A Big Data Showdown: How many V’s do we really need? Three!
Marilyn Craig (Managing Director of Insight Voices, frequent guest blogger, marketing colleague, and analytics guru) and I have been watching the big data “V” pile-on with a bit of bemusement lately. We started with the classic 3 V’s, codified by Doug Laney, a META Group and now Gartner analyst, in early 2001 (yes, that’s correct, 2001). Doug puts it this way:
“In the late 1990s, while a META Group analyst (Note: META is now part of Gartner), it was becoming evident that our clients increasingly were encumbered by their data assets. While many pundits were talking about, many clients were lamenting, and many vendors were seizing the opportunity of these fast-growing data stores, I also realized that something else was going on. Sea changes in the speed at which data was flowing mainly due to electronic commerce, along with the increasing breadth of data sources, structures and formats due to the post Y2K-ERP application boom were as or more challenging to data management teams than was the increasing quantity of data.”
Doug worked with clients on these issues as well as spoke about them at industry conferences. He then wrote a research note (February 2001) entitled “3-D Data Management: Controlling Data Volume, Velocity and Variety” which is available in its entirety here (pdf too).

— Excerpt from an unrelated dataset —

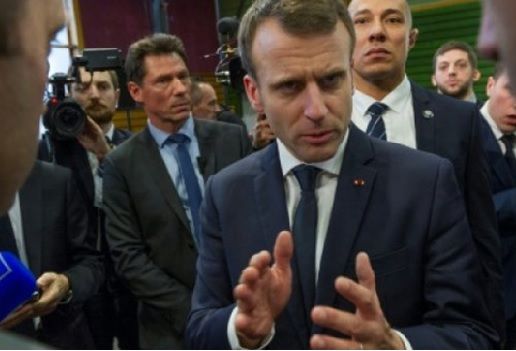 El presidente de Francia, Emmanuel Macron (C), habla con agricultores durante una visita para entregar sus deseos de Año Nuevo al sector agrícola, en Saint-Genes-Champanelle, en el centro de Francia, el 25 de enero de 2018. Foto: POOL/AFP UE, Argentina, TLC UE-Mercosur, TLC UE-Mercosur sigue pendiente, puntos de discusión, Macrón expone la lineas rojas del Acuerdo, CONtexto ganadero, ganadería Colombia, Noticias ganaderas Colombia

Now, believe it or not, Marilyn and I were both working in high tech at the time and were both trying to manage the chaos that the 3 V’s wrought upon our respective companies. Enter “big data” (you know, the exponential growth of the 3 V’s due to eCommerce, social media, mobile, the Internet of Things, etc.) and many are now contending that it is living up to Gartner’s famous (or infamous, depending upon your point of view) Hype Cycle. Certainly, Ed Dumbill raises that very issue in a recent Forbes article. He argues that although the term is imprecise:
“As one of the progenitors of the term ‘big data’, I’m happy with its imprecision. It wasn’t coined for marketing purposes, but as a descriptor for an emerging technology phenomenon. In the broader business consciousness, at the end of 2012, ‘big data’ really means ‘smart use of data’.”

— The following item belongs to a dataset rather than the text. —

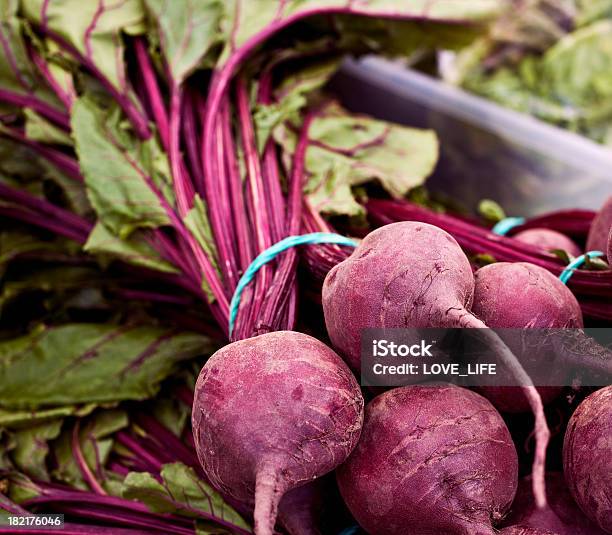 Beets Foto de stock y más banco de imágenes de Alimento - Alimento, Colección, Color - Tipo de imagen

Dumbill goes on to call out big data vendors on their marketing hyperbole:
“What is an unhelpful turn-off is software vendors competing on their own interpretation of the phrase. ‘You’ve not got real big data until you’ve got our software!’, ‘We concentrate on Verisimilitude—the 8th ‘V’ of big data that everyone else has missed!’ I’ve a larger essay to write about this, but the supply-side nature of the big data industry is a bit disappointing, a constant flow of product that doesn’t really meet needs from a business perspective. In that sense, the big data marketing push is pernicious—the same old things just rebrand themselves into the new trend.”
As a marketer it pains me to say this, but Dumbill has a point. There’s been quite a bit of heavy-handed messaging going on about all things to do with big data as Marilyn and I pointed out in a series of blog posts (Part 1, Part 2, and Part 3) that sought to bring some pragmatism to the ever looming, hyperbolic data scientist sexiness and shortage (pushed by the media, analysts, and vendors) and the ongoing confusion between the discipline of data science and the specific roles and functions within it (aka the data scientist is a role and data science is a discipline—they are not the same).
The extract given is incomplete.